The Dukes play hard, show some signs of life and do some really good things to get into position to win.
Invariably, something always seems to stop working and just when it seems like they were going to get a win, they find a way to lose.
That's the script that the Dukes have followed this year, and Saturday night against St. Bonaventure was no different. They once again failed to make critical plays when it counted and lost to the Bonnies, 78-71, before a crowd of 3,329 at Palumbo Center.
Duquesne coach Jim Ferry again referenced the Dukes' "margin of error being small" after the game and recited a number of times down the stretch they failed to capitalize on opportunities.
Two key plays that helped the Bonnies build a late lead were both offensive rebounds and both led to points -- one on a put-back and the other extended a possession and eventually St. Bonaventure capitalized. St. Bonaventure grabbed 13 of the final 15 rebounds of the game.
Those are the kinds of plays that Duquesne has not made down the stretch all year and that's a big reason why the Dukes (8-19, 1-12) are in last place and will not be heading to the Atlantic 10 tournament.
This was the Dukes' seventh home loss in a row, third loss in a row overall and 14th in their past 15 games. The Dukes have not won a home game since Dec. 19 and are winless in conference games at home.
"I thought we spent a lot of energy coming back and fatigue set in," Ferry said when asked why the Dukes were able to tie the score several times late -- the final one at 59-59 -- but not get over the top. "But those two offensive rebounds [when the game is hanging in the balance], those are like back-breakers for us and like I have often said, our margin of error is slim.
"We have to make those kinds of plays, we have to come up with those rebounds to give ourselves a chance to take a lead. Some of it is a lack of blocking out or not following the flight of the ball, some of it is maybe we aren't quite talented enough to make those plays -- but those plays were definitely a factor of why we lost the game."

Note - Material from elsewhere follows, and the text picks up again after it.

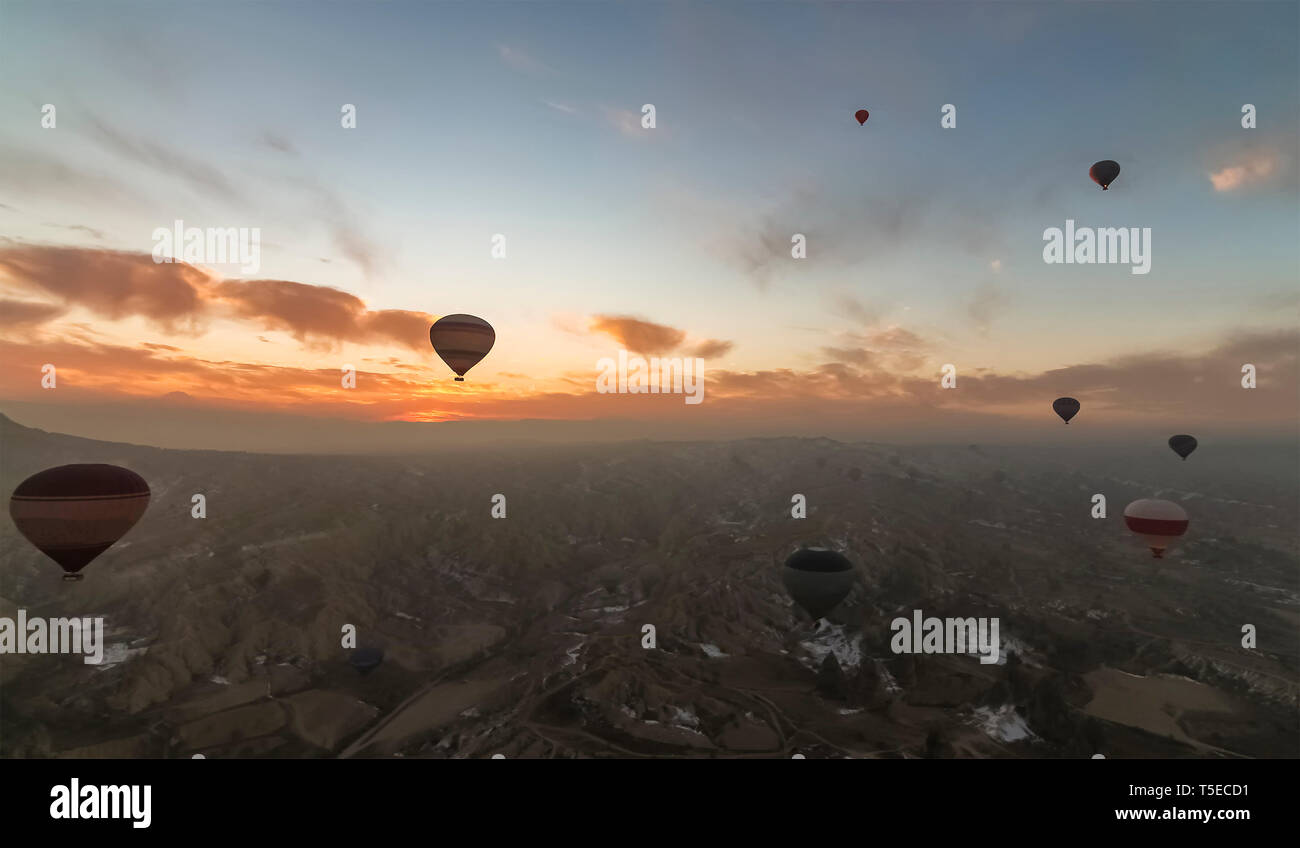 Aerial view of Cappadocia at sunrise with hot air balloons flying Stock ...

Duquesne trailed, 41-35, at the half but did an excellent job of fighting back and tied it at 51-51 -- then again at 53-53, 55-55, 57-57 and then the final time at 59-59.
The common theme in all of that was that every time the Dukes tied the score, it was St. Bonaventure which made the next basket to take a lead. The Dukes had four shots with a chance to take the lead and missed all four.
Dukes forward Quevyn Winters said that had they taken a lead in one of those instances, it may have changed the game.
"We definitely felt like if we hit that shot [when score was tied], it would have changed the momentum of the game," said Winters, who led the Dukes with 18 points, "and we could have built on that shot we hit."
Demitrius Conger and Chris Johnson led St. Bonaventure with 19 points. The Bonnies outrebounded the Dukes, 35-26, and had a big edge in points in the paint, 36-20.